You should always have a drive available to pop in a RAID in case of drive failure. Or you could move everything to a RAID 6 configuration, where you could survive TWO drive failure. I personally don't see much of a point in doing RAID10. I'd rather do RAID5 with a hot spare or a RAID6 configuration.
Yeah they're SATA drives - a server built on rather a tight budget. And yes, write caching with a failed array apparently.
A little research shows this could be an ESX issue, there's problems relating to this sort of thing since 5.1 - will need to do some more digging, but not until start of term!
Secondarily, @ericdano we don't need lectures that are not relevant to the problem in hand thanks! We should have a spare, but personally I'm glad we didn't. A spare would have meant putting in another Seafail drive. We do keep spares for all arrays, just luck of the draw we didn't for this one. I would not use a RAID6 on a VM host, the write speed drop is far too harsh.
Not on SATA drives I'm not! I would prefer to keep the DC as physically separate from the rest of it as possible hence the separate array. As said re the RAID10 setup, we have a very limited budget and the setup is built around it, so bearing in mind the lower end controller and drive combination we need to keep performance up as much as possible. Not fussed about write performance on a DC but the file server concerns me greatly - that's home drives and shared areas. Maybe in a few years when those shared areas are done away with, but not yet!
It has been discussed here a number of times but it is probably worth repeating. RAID5 should never be provisioned with a hot spare. A failure of a drive on a RAID5 should trigger copy of the data and only then should you attempt to put in a new drive and rebuild the array. RAID5 is really best avoided in any kind of production environment.

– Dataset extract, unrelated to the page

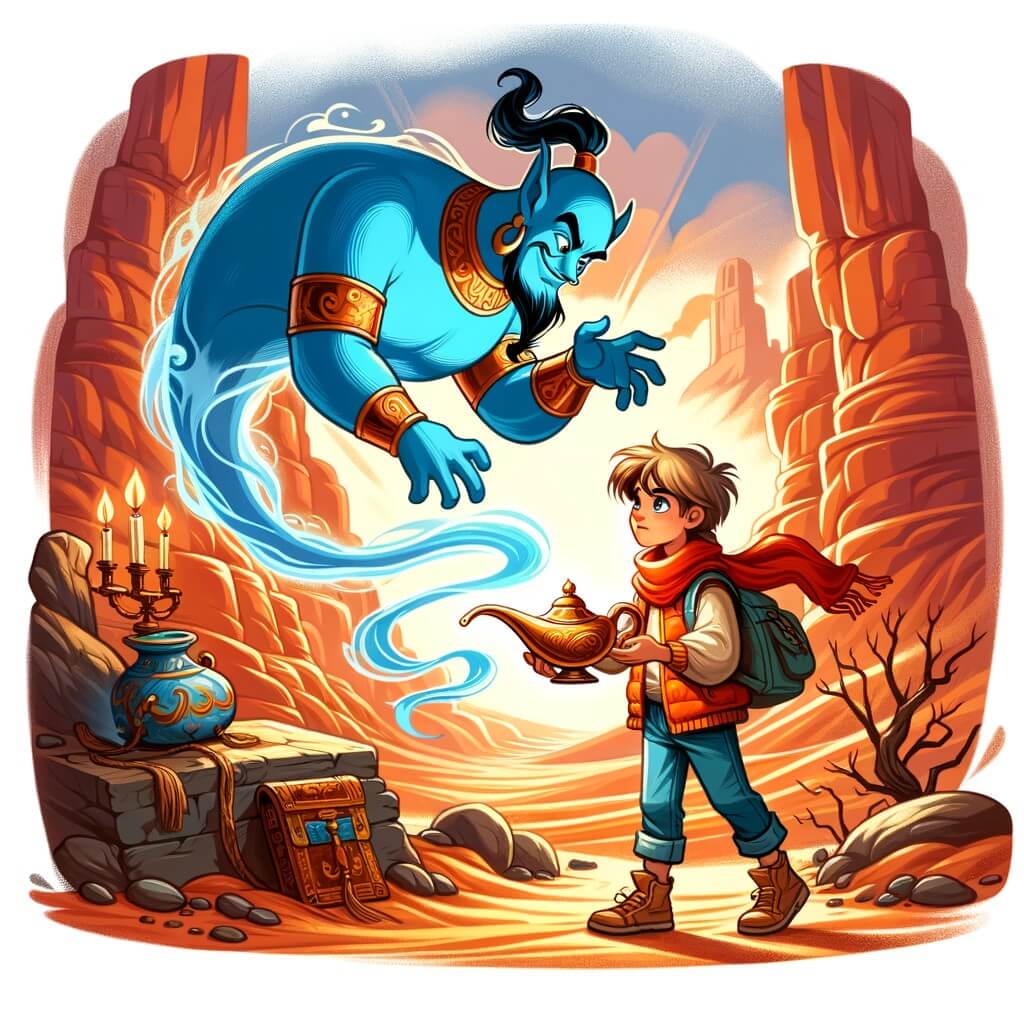 Une illustration destinée aux enfants représentant un jeune aventurier des rues, vêtu de guenilles, découvrant une lampe magique dans une grotte enchantée au cœur d'un désert brûlant, où un génie majestueux émerge de la lampe, prêt à exaucer les souhaits du héros.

(Apologies for the slight hijack, we now return you to your normal viewing).
Funnily enough, I might not really haveany other option but to accept the performance hit. It won't take up the slack of the failed drive on the hotspare >:| Currently tryign to force it online to recover it.
To be honest, once your virtualised, keeping resources physically separate is kind of defeating the point. I would suggest it is much better to have one pool of more reliable storage complete with hotspare, rather than multiple pools with less resiliency and no hot spares.

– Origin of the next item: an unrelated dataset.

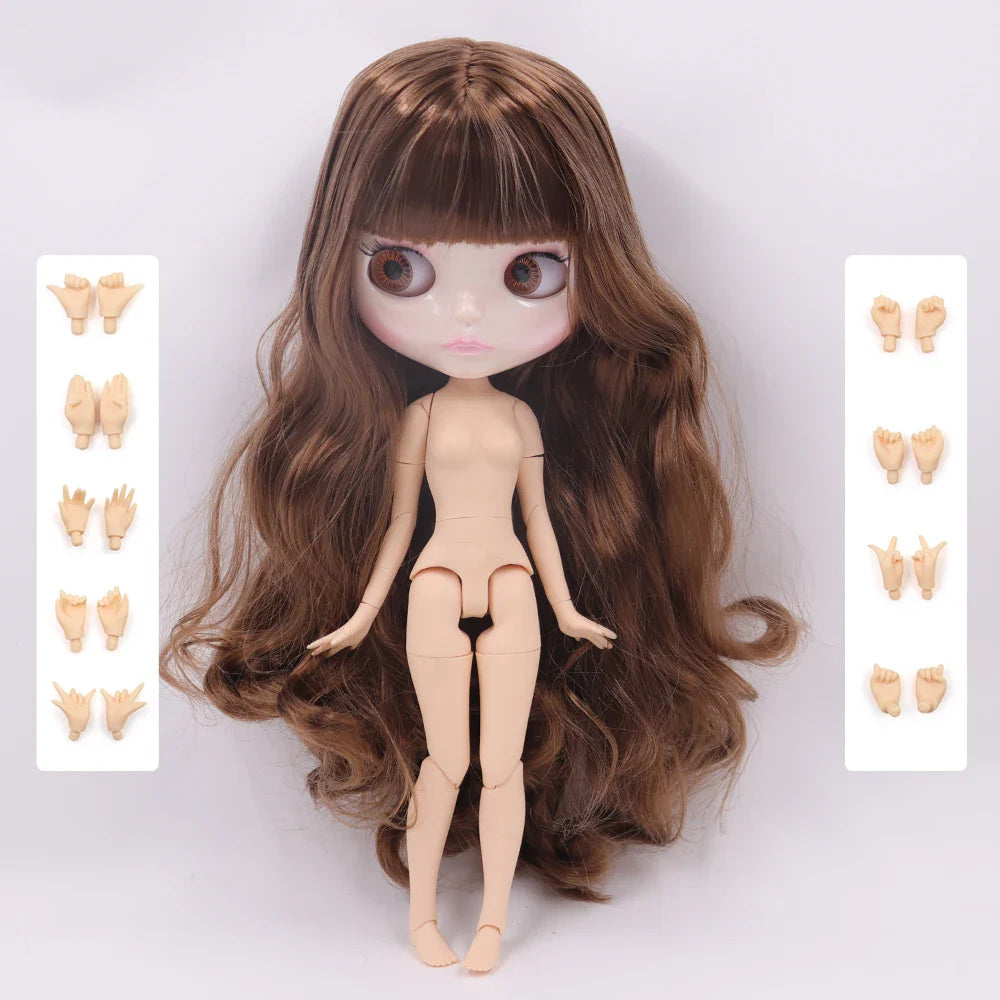ICY DBS Blythe Doll 1/6 Joint Body 30cm BJD – Shiny Face with Extra Hands, DIY Fashion Doll Gift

Either way - it is a bit worrying that the guest has become inaccessible, that shouldn't happen (hasn't happened when I've had degraded arrays). I could understand it may happen during the rebuild process as most low end raid cards can't cope with rebuilding an array whilst serving data off it, but it shouldn't happen during the initially degraded stage. it may be highlighting a further problem with other drive(s).
Hate to be the one to ask this - but do you have backups?

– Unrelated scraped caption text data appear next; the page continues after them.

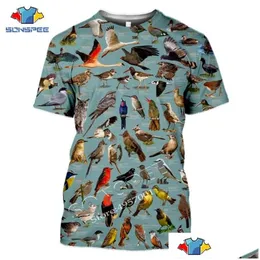 Mens camisetas Sonspee Summer Casual Men T-shirt Insets Birds Printing 3D T Camastem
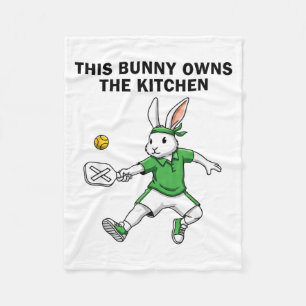 Bunny pickleball player easter this bunny owns the fleece blanket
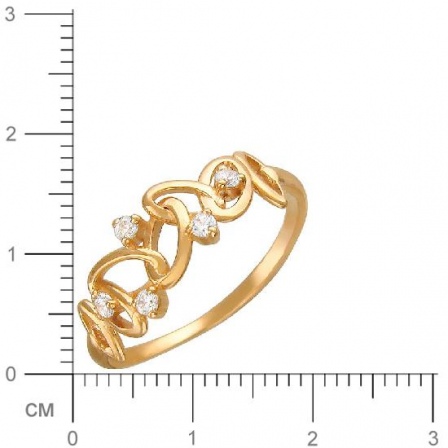 Кольцо с фианитами из красного золота (арт. 391938)
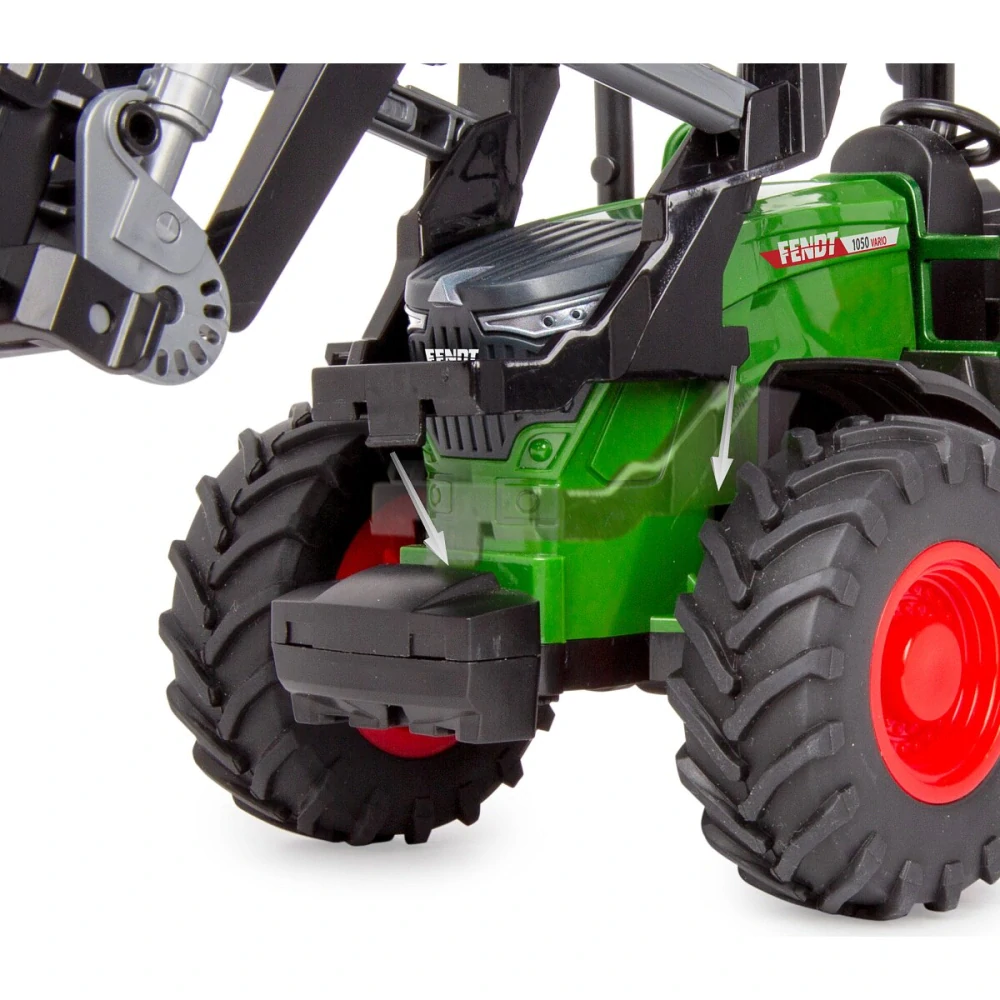 Čelní nakladač s vidlemi pro Traktor Fendt 1050 Vario 1:24S se 4 balíky sena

Yeah, backups are good. I'm half way through recovering from the array as a "live" backup recovery, if that fails I'm not too worried (other than losing my holiday to resolve this!) as I can recover from those. Waiting on Parcelfarce to deliver the replacement drive (plus extra spare) that they should have delivered yesterday (GRR!) then it looks like I'll be flattening the arrays and starting from scratch. Performance copying from the drives whilst it's "rebuilding" is oddly fine, how or why it impacted on the running of the server does indeed concern me, especially on the other array (which is what convinced me that it's probably best to do as you suggested as we then gain absolutely nothing keeping them separate).
It would be so nice to even believe we'd be listened to if we said we needed a SAN - a couple of years ago yes, but I really don't believe *anyone* in schools should be doing that currently, not with the way things are going. Hence I'm not worrying too much, get this back up and running and it'll tide us over nicely until we basically have machines in school that are only a physical gateway into servers hosted elsewhere!